Horacio Quiroga, al que definieron como el mejor escritor uruguayo de la literatura argentina.

A la localidad de San Ignacio, en 1903, el escritor Horacio Quiroga llega casi por casualidad. Acompañando a su amigo Leopoldo Lugones como fotógrafo aficionado para relevar el estado de las Ruinas Jesuíticas en la provincia de Misiones. A pedido del por entonces presidente Julio Argentino Roca.

Pero fue adentrarse por los caminos de la tierra colorada y quedar cautivado por la espesura del lugar. Un paraíso oscuro y denso, hecho a su medida, del que nunca más pudo alejarse. Ni siquiera cuando tuvo que volver a Buenos Aires durante largos años a pedido de su familia, que no lograba habituarse. Cada verano, cada vez que pudo, regresó.

Para llegar al “Museo Casa de Horacio Quiroga” hay que atravesar un sendero con estaciones inspiradas en tres cuentos del autor y un cañaveral por el que se avanza hasta llegar al predio, un pastizal perfectamente cuidado que alberga el espacio donde están emplazadas las dos casas.

La primera, una réplica de madera que se realizó especialmente para el rodaje de la película Historias de amor, de locura y de muerte en el año 1996, protagonizada por el actor Víctor Laplace y la segunda, la originaria, hecha de piedra. “Mediante las fotografías es que se puede reconstruir la disposición de los ambientes. Exactamente en el lugar en el que estaba todo, con la misma orientación a lo que es el río Paraná. Está todo según el plano original, pero se le fueron haciendo ciertos retoques, por el paso del tiempo. Y es donde él construyó originalmente la casa.
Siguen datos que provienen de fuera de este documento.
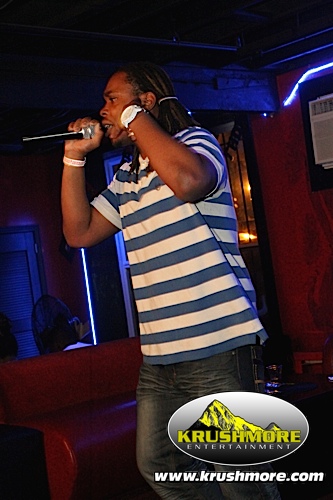 Hitmakerz Finale 167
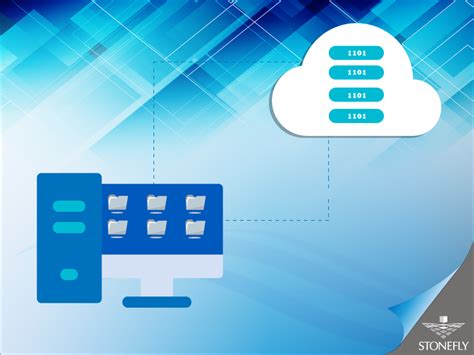 Implementation Of Data Redundancy In Data Storage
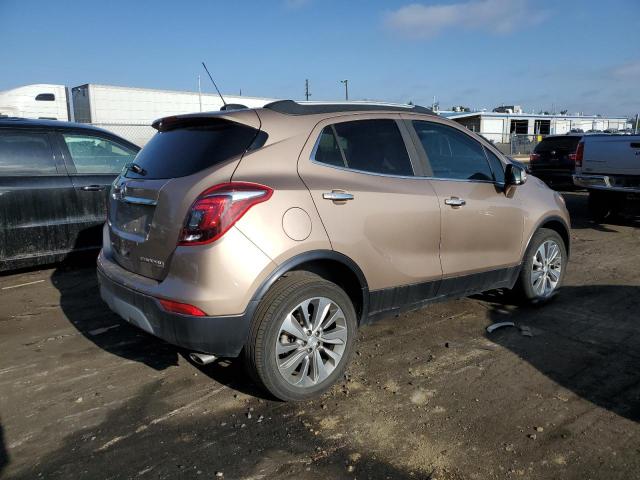 Photo 2 VIN: KL4CJESB4KB776896 - BUICK ENCORE 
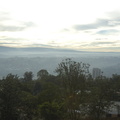 031-Morning-over-Kigali.JPG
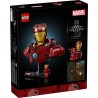 Iron Man MK4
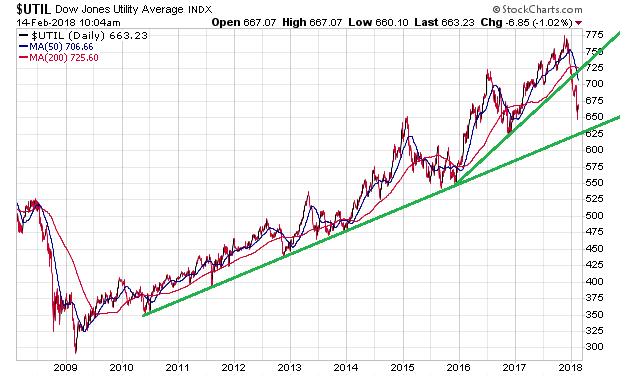 Der USA Bären-Thread 1040797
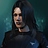 Scarlett_Shadowcaster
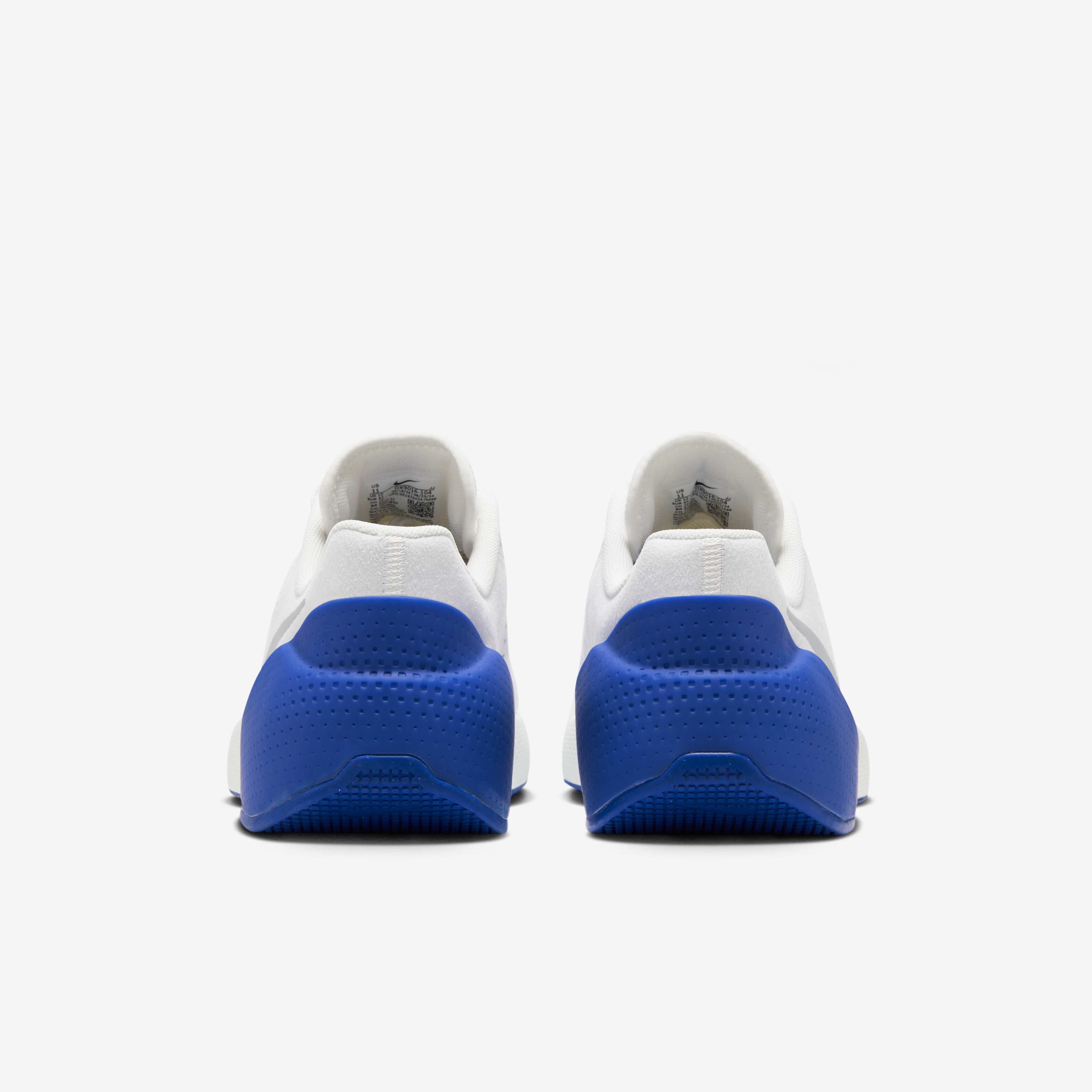 نايكي اير زووم TR 1 image number 5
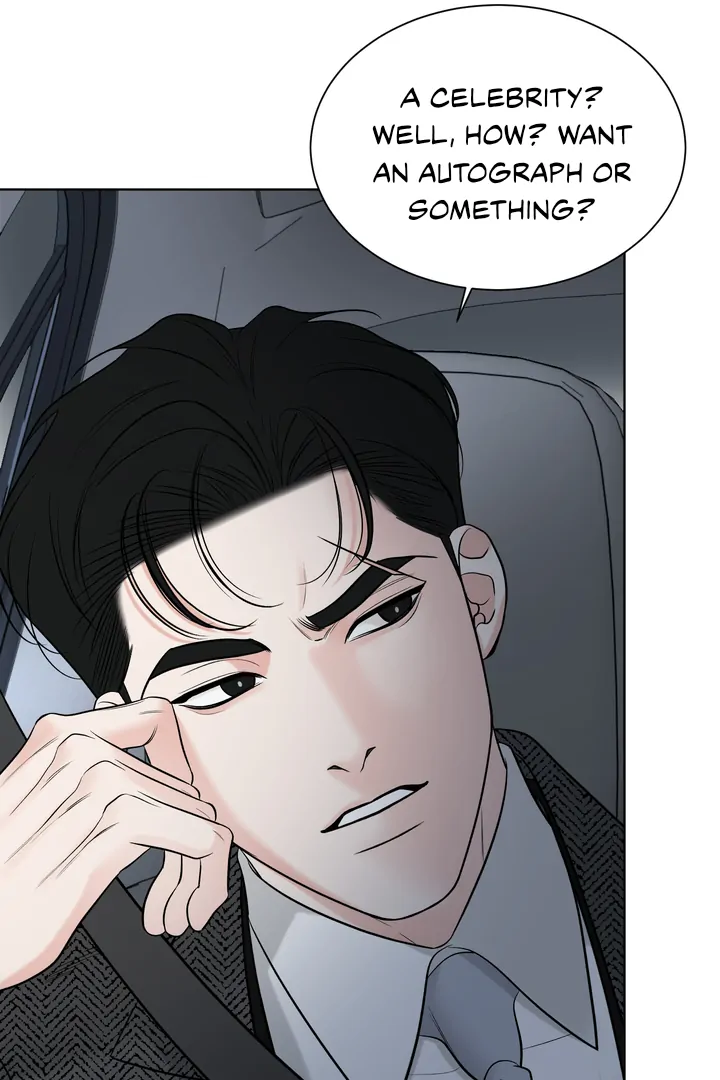 Smooth Life Chapter 2 page 50 - 
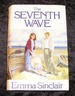 The Seventh Wave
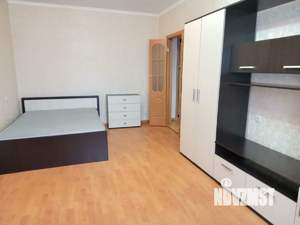 1-к квартира, на длительный срок, 45м2, 9/10 этаж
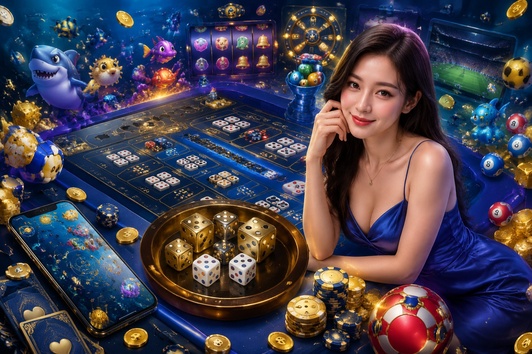 888a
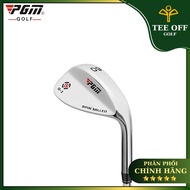 Wedge Stick 52 - 56 - 60 - 64 PGM SG002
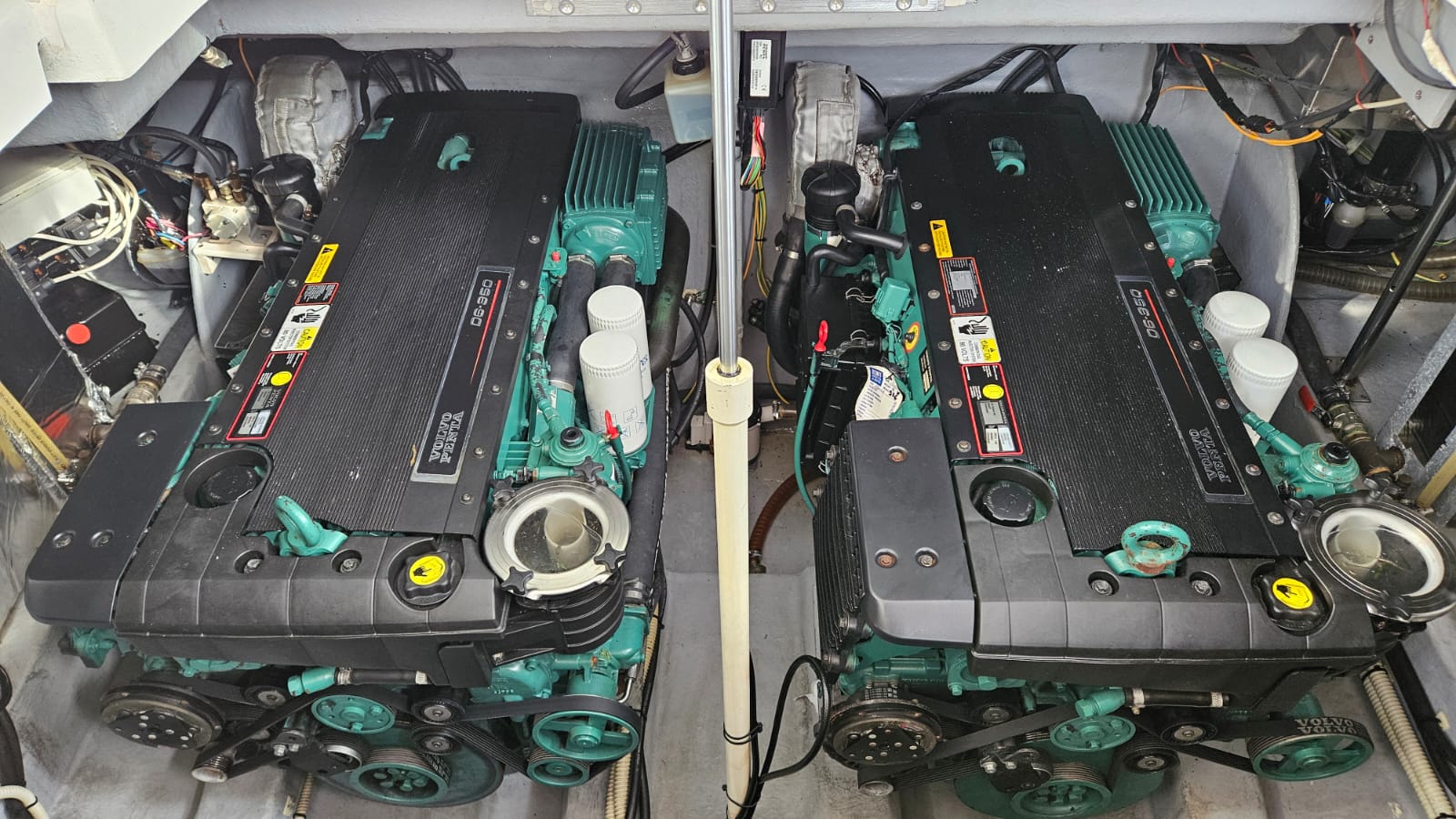 Thumbnail von Inovace a projekty Mira 43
Hay fotos que lo documentan”, dice María Victoria Cardozo, una de las guías del museo.

Tanto en la casa de madera como en la de piedra hay objetos que pertenecieron al escritor y otros que son réplicas. Aparece la madera como elemento protagonista porque Quiroga era también carpintero y hacía sus propias canoas, remos, utensilios y muebles para el hogar. Incluso tallaba a mano figuras de animales para que sus hijos jugaran. Hay elementos propios de su oficio como un escritorio con documentos, plumas, una máquina de escribir, una cámara de fotos y efectos personales: retratos familiares, sus borcegos de cuero y su bicicleta.

Se destaca el taller donde guardaba de forma prolija y organizada todas sus herramientas. Las habitaciones están ambientadas a la época en la que convivió con su familia. Entre 1910 y 1915, con su primera esposa, Ana María Cires -que después se suicidaría en esa misma casa, tomando líquido de revelado de fotos en una agonía que duraría días-, y sus hijos Eglé y Darío. Y entre 1932 y 1936 con su segunda esposa, Ana María Bravo, y su tercera hija, a la que llamaban “Pitoca”. Ana María tampoco lograría adaptarse y se volvería a Buenos Aires con su hija.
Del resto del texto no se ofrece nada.